Integration with Git:

# After blocking the write, show what would have been committed
$ git diff

+AWS_ACCESS_KEY_ID=AKIAIOSFODNN7EXAMPLE
+AWS_SECRET_ACCESS_KEY=wJalrXUtnFEMI/K7MDENG/bPxRfiCYEXAMPLEKEY

❌ These credentials would have been committed to git!

You’re implementing the same secret detection that GitHub, GitLab, and Bitbucket use to prevent credential leaks.

The Core Question You’re Answering

“How do you prevent developers (and AI agents) from accidentally committing secrets to version control or writing them to unencrypted config files?”

Before you build any detection, understand this: Secret leakage is one of the most common security incidents. Attackers scan public repositories for AWS keys, database passwords, and API tokens. Once a secret is committed to git history, it’s permanently exposed—even if you delete it in a later commit.

Your hook acts as a safety net that catches secrets before they reach git, config files, or logs.

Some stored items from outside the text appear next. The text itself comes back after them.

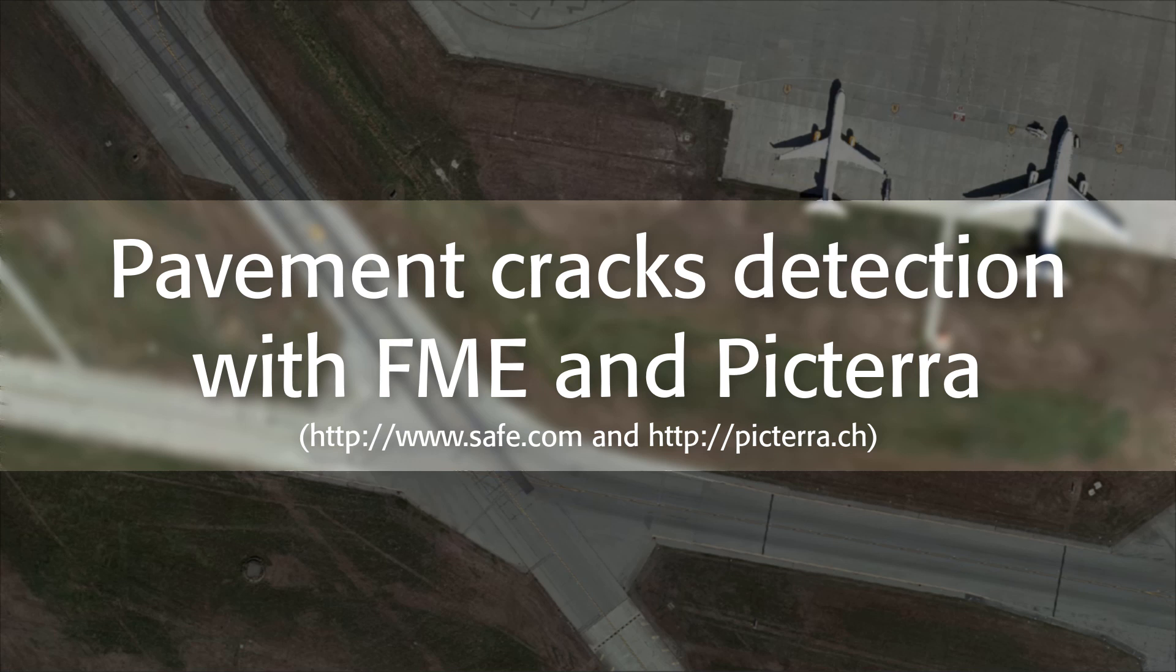In this video I'm going to talk about integration between FME and Pictera. Pictera is a computer vision web platform specifically designed for geospatial data, that is, detecting objects on imagery taken from drones, planes, or satellites.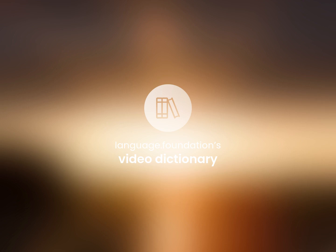Language.Foundation's Video Dictionary. Helping you achieve understanding.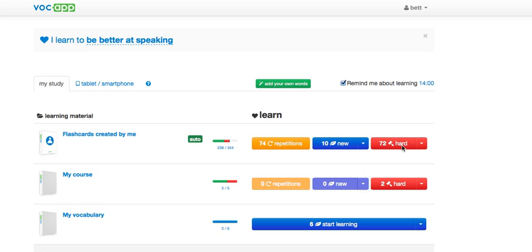Each time your student gave a wrong answer, the word was remembered here. If your students need to revise some vocabulary which was practiced a long time ago, it will come here.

Concepts You Must Understand First

Stop and research these before coding:

Secret Detection Patterns (Entropy, Regex, Signatures)
- What is Shannon entropy and how is it used to detect random strings (API keys)?
- How do you write regex patterns for AWS keys (AKIA…), GitHub tokens (ghp_…), etc.?
- What are false positives (detecting “password” in code comments) and how do you reduce them?
- Book Reference: “Practical Cryptography” by Niels Ferguson - Ch. 2 (Randomness)
Git Internals and Hooks
- What is the difference between PostToolUse hooks (Kiro) vs. pre-commit hooks (Git)?
- How do you scan only the files modified in the last operation (git diff –name-only)?
- Why can’t you just delete a secret from git history (it’s still in reflog and old commits)?
- Book Reference: “Pro Git” by Scott Chacon - Ch. 10 (Git Internals)
Secrets Management Best Practices
- What is the principle of least privilege (why you shouldn’t use root credentials)?
- How do environment variables (os.environ) protect secrets from being committed?
- What are secrets managers (AWS Secrets Manager, Vault, 1Password) and when should you use them?
- Book Reference: “Security Engineering” by Ross Anderson - Ch. 4 (Cryptographic Protocols)
TruffleHog and Gitleaks Internals
- How does TruffleHog scan git history for high-entropy strings?
- What is the difference between regex-based detection and entropy-based detection?
- How do you configure custom patterns (YAML rules for company-specific secrets)?
- Book Reference: “Practical Malware Analysis” by Sikorski - Ch. 13 (Automated Analysis)
False Positive Reduction
- How do you distinguish between real secrets and test/example credentials?
- What is allowlisting (explicitly marking known-safe strings)?
- How do you handle encrypted secrets (ansible-vault, sops) vs. plaintext?
- Book Reference: “Building Secure and Reliable Systems” by Google - Ch. 14 (Security Monitoring)
Incident Response for Leaked Secrets
- What do you do if a secret is detected after commit (rotate immediately)?
- How do you scan the entire git history for secrets (git log -p)?
- What is the MITRE ATT&CK framework for credential access (T1552)?
- Book Reference: “The Art of Memory Forensics” by Ligh - Ch. 8 (Malware Analysis)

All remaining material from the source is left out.